Resident Bruce Bennett, who is black, spoke in support of the resolution, saying he is “so proud of my city.”
“This is personal. This is a very big step and I am in support of this resolution. We all need each other,” Bennett said.
State Sen. Rebecca Millett, a Democrat who represents South Portland, Cape Elizabeth and part of Scarborough, said, “Anti-Muslim rhetoric has made way for anti-Muslim policy at the highest levels of our government. The targeting of Muslims and immigrants has added fuel to hurtful and dangerous stereotypes, threatening the safety of Muslim Americans, including those right here in Maine.”
The Trump administration in late January approved a travel ban from seven Muslim-majority countries, touching off protests across the nation, including in Portland.
“I believe it is critical for elected officials like us to speak up in the face of this resurgent intolerance,” Millett said. “It’s crucial to speak up because while the bigots often can command the largest microphones, their voices are not the voices of most Mainers.”
Resident Roberta Zuckerman agreed that being silent would allow “the voices of hate and bigotry to prevail.”
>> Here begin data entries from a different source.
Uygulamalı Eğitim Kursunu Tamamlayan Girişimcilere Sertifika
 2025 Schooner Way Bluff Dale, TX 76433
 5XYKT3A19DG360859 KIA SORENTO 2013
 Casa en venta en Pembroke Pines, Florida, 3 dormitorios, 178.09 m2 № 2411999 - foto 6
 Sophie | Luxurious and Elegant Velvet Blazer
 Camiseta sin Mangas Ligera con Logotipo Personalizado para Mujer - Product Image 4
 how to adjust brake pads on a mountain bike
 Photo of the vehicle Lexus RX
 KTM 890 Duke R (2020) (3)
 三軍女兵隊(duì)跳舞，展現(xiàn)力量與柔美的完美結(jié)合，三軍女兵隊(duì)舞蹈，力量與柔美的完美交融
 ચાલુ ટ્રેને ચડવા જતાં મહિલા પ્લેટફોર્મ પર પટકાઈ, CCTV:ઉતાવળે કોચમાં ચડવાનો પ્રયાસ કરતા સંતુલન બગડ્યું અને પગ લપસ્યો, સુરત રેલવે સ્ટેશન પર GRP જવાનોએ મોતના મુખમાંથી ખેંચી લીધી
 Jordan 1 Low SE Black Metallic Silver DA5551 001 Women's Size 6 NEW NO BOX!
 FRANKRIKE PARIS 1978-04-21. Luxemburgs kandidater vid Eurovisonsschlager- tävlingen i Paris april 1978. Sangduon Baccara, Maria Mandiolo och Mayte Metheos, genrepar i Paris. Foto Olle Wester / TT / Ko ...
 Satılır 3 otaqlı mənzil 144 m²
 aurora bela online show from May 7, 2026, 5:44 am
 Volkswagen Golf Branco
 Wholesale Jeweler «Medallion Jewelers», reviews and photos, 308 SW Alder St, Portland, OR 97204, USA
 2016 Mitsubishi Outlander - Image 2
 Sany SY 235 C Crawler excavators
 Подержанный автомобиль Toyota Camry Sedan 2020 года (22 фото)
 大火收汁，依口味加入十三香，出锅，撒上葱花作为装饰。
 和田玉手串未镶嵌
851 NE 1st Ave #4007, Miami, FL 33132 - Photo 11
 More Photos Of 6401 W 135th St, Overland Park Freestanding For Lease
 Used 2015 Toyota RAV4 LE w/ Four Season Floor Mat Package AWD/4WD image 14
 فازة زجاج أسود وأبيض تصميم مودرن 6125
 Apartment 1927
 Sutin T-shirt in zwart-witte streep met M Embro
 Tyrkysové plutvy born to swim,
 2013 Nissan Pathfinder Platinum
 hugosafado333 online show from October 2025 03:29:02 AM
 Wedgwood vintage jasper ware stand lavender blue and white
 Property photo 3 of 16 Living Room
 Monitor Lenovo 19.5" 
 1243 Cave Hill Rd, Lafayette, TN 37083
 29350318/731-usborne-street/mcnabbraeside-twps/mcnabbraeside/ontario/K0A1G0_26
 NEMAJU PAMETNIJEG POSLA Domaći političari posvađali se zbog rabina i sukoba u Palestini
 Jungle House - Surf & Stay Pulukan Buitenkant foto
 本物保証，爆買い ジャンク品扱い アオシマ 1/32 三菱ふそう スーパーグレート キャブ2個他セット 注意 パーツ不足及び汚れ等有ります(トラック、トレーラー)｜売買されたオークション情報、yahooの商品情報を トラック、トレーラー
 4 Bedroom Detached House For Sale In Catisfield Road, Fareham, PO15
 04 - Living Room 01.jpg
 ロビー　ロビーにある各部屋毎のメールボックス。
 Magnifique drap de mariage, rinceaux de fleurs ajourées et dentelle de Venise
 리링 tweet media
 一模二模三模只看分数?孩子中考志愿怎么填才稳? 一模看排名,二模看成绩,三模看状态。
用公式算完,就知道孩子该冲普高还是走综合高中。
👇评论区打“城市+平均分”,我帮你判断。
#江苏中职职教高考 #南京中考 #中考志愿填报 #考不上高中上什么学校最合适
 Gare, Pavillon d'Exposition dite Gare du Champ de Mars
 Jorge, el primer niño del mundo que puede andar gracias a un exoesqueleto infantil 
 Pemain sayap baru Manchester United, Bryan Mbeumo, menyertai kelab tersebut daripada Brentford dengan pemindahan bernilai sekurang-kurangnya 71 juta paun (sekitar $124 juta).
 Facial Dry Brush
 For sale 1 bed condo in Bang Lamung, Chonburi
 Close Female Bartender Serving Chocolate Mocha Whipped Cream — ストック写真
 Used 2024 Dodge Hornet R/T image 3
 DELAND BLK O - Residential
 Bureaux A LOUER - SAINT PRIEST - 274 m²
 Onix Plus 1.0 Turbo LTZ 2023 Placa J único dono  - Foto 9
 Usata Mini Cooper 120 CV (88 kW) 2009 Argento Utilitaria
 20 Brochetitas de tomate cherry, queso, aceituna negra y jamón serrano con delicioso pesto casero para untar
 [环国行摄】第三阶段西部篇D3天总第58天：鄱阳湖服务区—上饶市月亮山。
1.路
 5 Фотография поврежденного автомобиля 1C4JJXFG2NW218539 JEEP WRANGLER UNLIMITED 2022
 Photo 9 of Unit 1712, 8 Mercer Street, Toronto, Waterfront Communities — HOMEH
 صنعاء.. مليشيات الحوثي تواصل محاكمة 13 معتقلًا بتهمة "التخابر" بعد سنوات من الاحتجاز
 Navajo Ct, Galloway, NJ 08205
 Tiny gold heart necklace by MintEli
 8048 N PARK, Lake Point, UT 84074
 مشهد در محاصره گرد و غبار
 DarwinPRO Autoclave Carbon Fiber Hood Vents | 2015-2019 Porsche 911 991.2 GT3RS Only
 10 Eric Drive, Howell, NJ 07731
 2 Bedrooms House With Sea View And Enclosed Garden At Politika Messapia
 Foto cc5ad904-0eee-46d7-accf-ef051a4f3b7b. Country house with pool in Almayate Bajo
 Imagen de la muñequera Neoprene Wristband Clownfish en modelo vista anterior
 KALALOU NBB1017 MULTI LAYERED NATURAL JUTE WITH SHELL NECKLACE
South Portland resident Adrian Dowling said “These families and individuals who came here are not so different than ourselves. I want to stand here today and say that as a community we are not going to go down this road …. We will stand shoulder to shoulder. We will defend these people when they are attacked”
“I am so proud to be a part of this,” Councilor Susan Henderson said. “The news has been depressing for so many weeks and this is a ray of hope … I love Dr. Martin Luther King Jr.’s words: ‘It takes love to get rid of hate.'”
Mayor Patti Smith said she is “amazed and in awe” of South Portland taking a stand on the issue.
The vote was also 6-0 to transfer $500,000 from the city’s unassigned fund balance to the Clear Skies Ordinance Legal Defense Fund. The council also voted to appropriate about $100,000 in donations to the fund.
The ordinance prohibits the bulk loading of crude oil onto tankers and effectively prohibits the pumping of tar sands oil through the Portland-Montreal Pipeline to South Portland, where the fuel could then be transported by ship.
Portland Pipe Line Corp. and the American Waterways Operators sued the city in U.S. District Court two years ago to overturn the ordinance. The case is still in the pre-trial stage.
Through Dec. 31, 2016, South Portland’s total expenditures to defend the lawsuit were just over $1 million.
The council also approved a rezoning ordinance adding restrictions on building in non-conforming residential lots, as well as amending the minimum lot size in residential A and AA zones.
The new ordinance passed 6-1, with Councilor Eben Rose opposed.
Planning and Development Director Tex Haueser said the minimum lot sizes in the A and AA zones were tailored to the existing pattern of the neighborhoods, based on the median existing lots sizes for the neighborhoods, in general.
Under a three-year contract approved Monday, New Gloucester resident Morelli will begin work March 13 at an annual salary of $115,000 that will increase to $120,000 after six months.
“Scott will be a wonderful addition to our community,” Smith said. “Welcome aboard, Scott.”